George Richardson

On the outbreak of World War I, George Richardson by then a full lieutenant in the 14th (PWOR), volunteered for service overseas and was assigned to the 2nd Canadian Infantry Battalion.  After training at Valcartier, Que., and on Salisbury Plain in England, the battalion landed in France on 11 Feb. 1915 and then entered the trenches around Armentières. Shortly thereafter it advanced to Ypres (Ieper), Belgium, where in April it suffered losses amounting to “virtual annihilation.” Having already experienced the most intense conflict, Richardson, now a captain, led a courageous but ultimately futile attempt to retake Saint-Julien (Sint Juliaan) before emerging as the sole surviving officer of No.2 Company, of which he then assumed command.

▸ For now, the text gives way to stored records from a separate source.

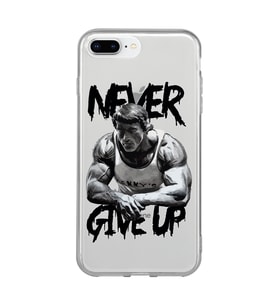 Iphone 7 Plus / 8 Plus Uyumlu Arnold Fitness Never Give Up Desenli Şeffaf Telefon Kılıfı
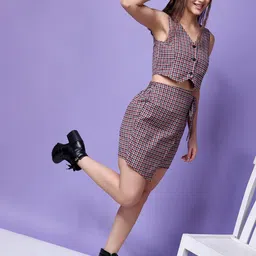 Popwings Checked Pure Cotton Top & Wrap Skirt Co-Ords-picture-42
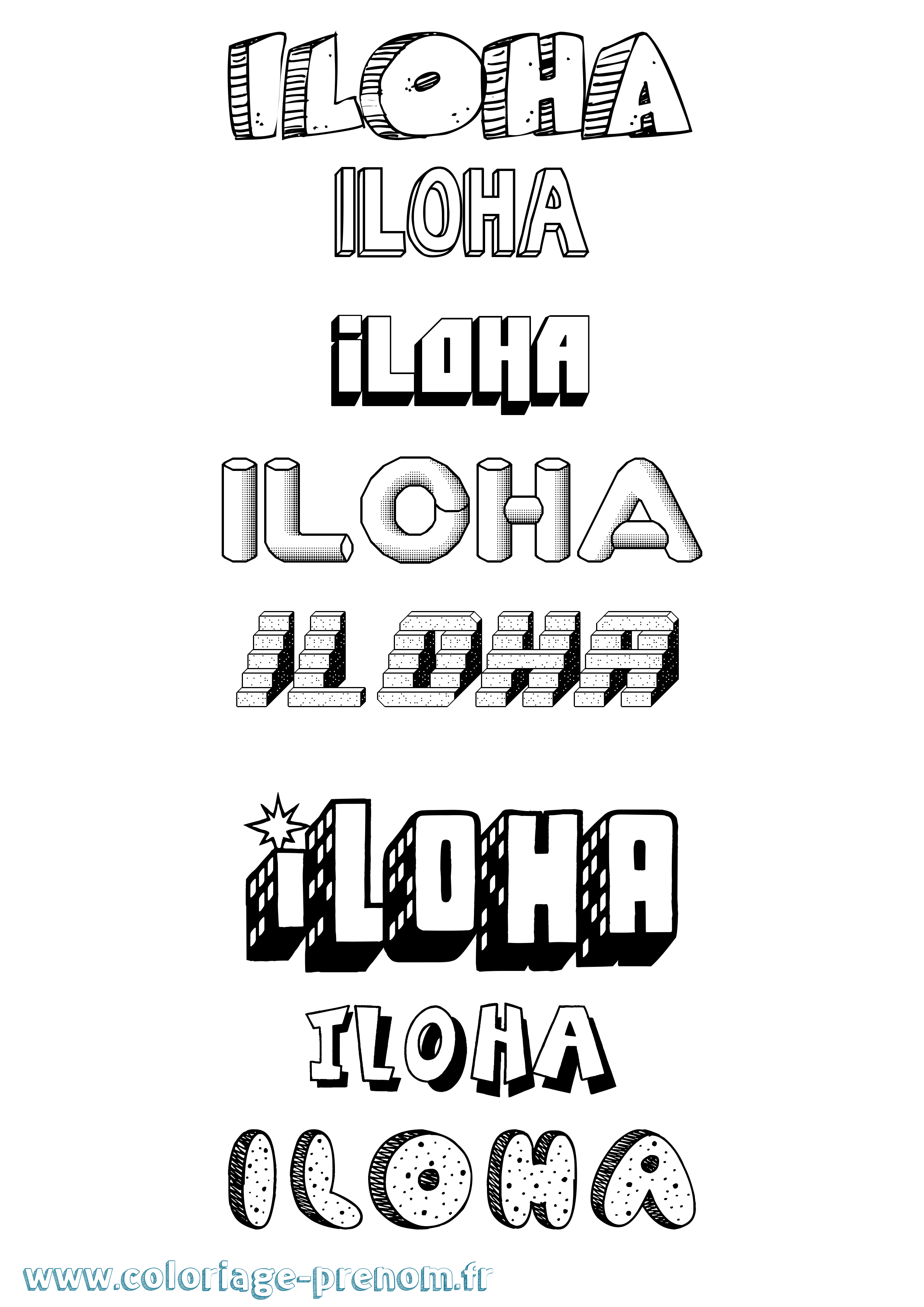 Coloriage Iloha Effet 3D Coloriage prénom Iloha Effet 3D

On the brightly moonlit night of 8–9 Feb. 1916, having entered a snow-covered no man’s land near Wulvergem to supervise the withdrawal of a dangerously exposed raiding party, Richardson paid the ultimate price for endeavouring to ensure the safety of his fellow soldiers. He was shot through the hips and died shortly thereafter. On 17 March 1916 he was posthumously awarded the Legion of Honour.

Awards and honours

  • 1916 – Awarded La Légion d’honneur Croix de Guerre by France
  • 1920 – Richardson Stadium at Queen’s named in his honour.

Scotty Davidson

Allan McLean “Scotty” Davidson (March 6, 1892 – June 16, 1915) was a Canadian ice hockey player and soldier (a member of the PWOR – “C” Company, number 1221, and promoted to the rank of corporal May 18, 1911). He was considered one of the top wingers of the game’s early years. He led his Kingston junior team to two Ontario Hockey Association championships in 1910 and 1911, when he moved to Calgary for the 1911–12 season and led the Calgary Athletics senior team to the Alberta provincial championship. Davidson turned professional with the Toronto Blueshirts in 1912 and was among the ‘s leading scorers the following two seasons. He captained Toronto to the Stanley Cup championship in 1914.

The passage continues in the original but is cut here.